PROBLEM: Dropping every picture, set down exactly the lines in the entries below, starting with the line with "Женские зимние ботильоны" and going on through the line with "Seis etapas conectadas".

THE DATA:
==================================================
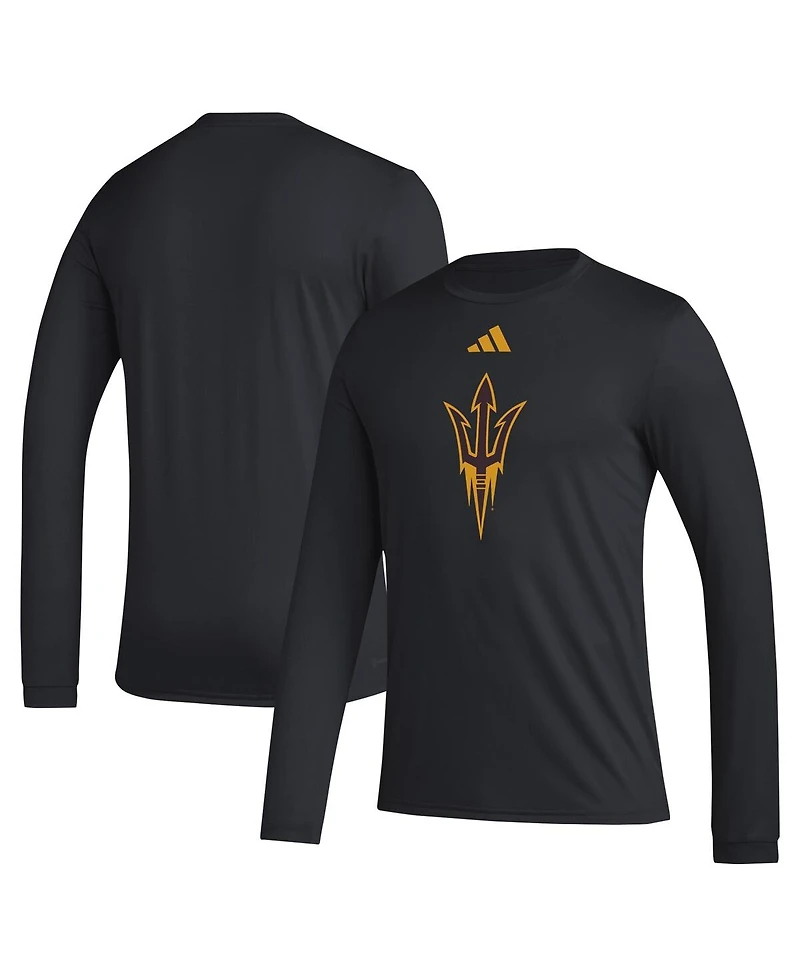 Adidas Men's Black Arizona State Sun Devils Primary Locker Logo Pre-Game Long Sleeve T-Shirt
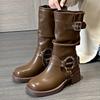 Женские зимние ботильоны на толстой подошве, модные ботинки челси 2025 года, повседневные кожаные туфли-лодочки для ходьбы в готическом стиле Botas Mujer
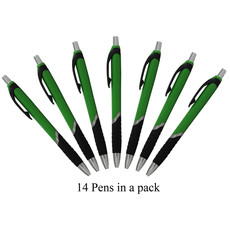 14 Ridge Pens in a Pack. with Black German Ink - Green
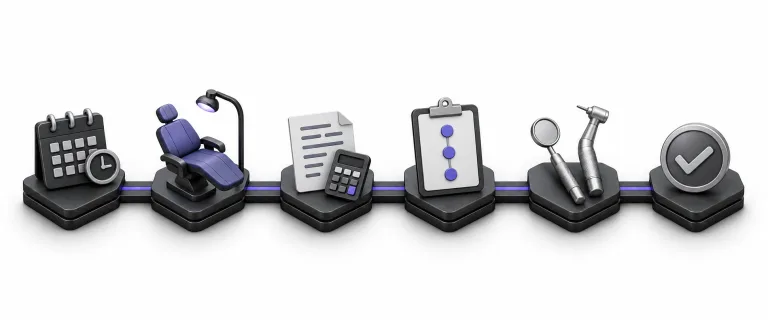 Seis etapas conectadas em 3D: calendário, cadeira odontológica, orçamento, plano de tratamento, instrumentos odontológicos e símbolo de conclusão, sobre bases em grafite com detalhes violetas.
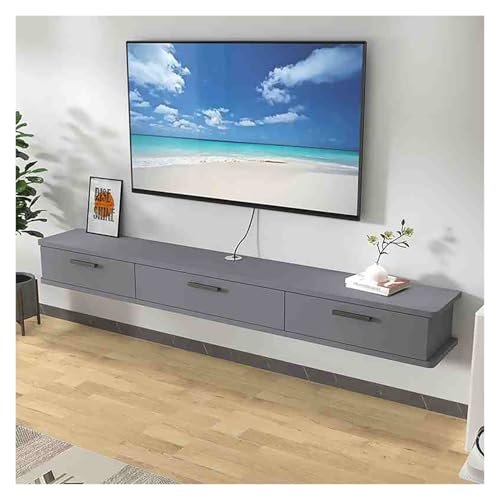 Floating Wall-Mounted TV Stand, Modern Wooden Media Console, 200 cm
==================================================
SOLUTION TO THIS TASK:
 Женские зимние ботильоны на толстой подошве, модные ботинки челси 2025 года, повседневные кожаные туфли-лодочки для ходьбы в готическом стиле Botas Mujer
 14 Ridge Pens in a Pack. with Black German Ink - Green
 Seis etapas conectadas em 3D: calendário, cadeira odontológica, orçamento, plano de tratamento, instrumentos odontológicos e símbolo de conclusão, sobre bases em grafite com detalhes violetas.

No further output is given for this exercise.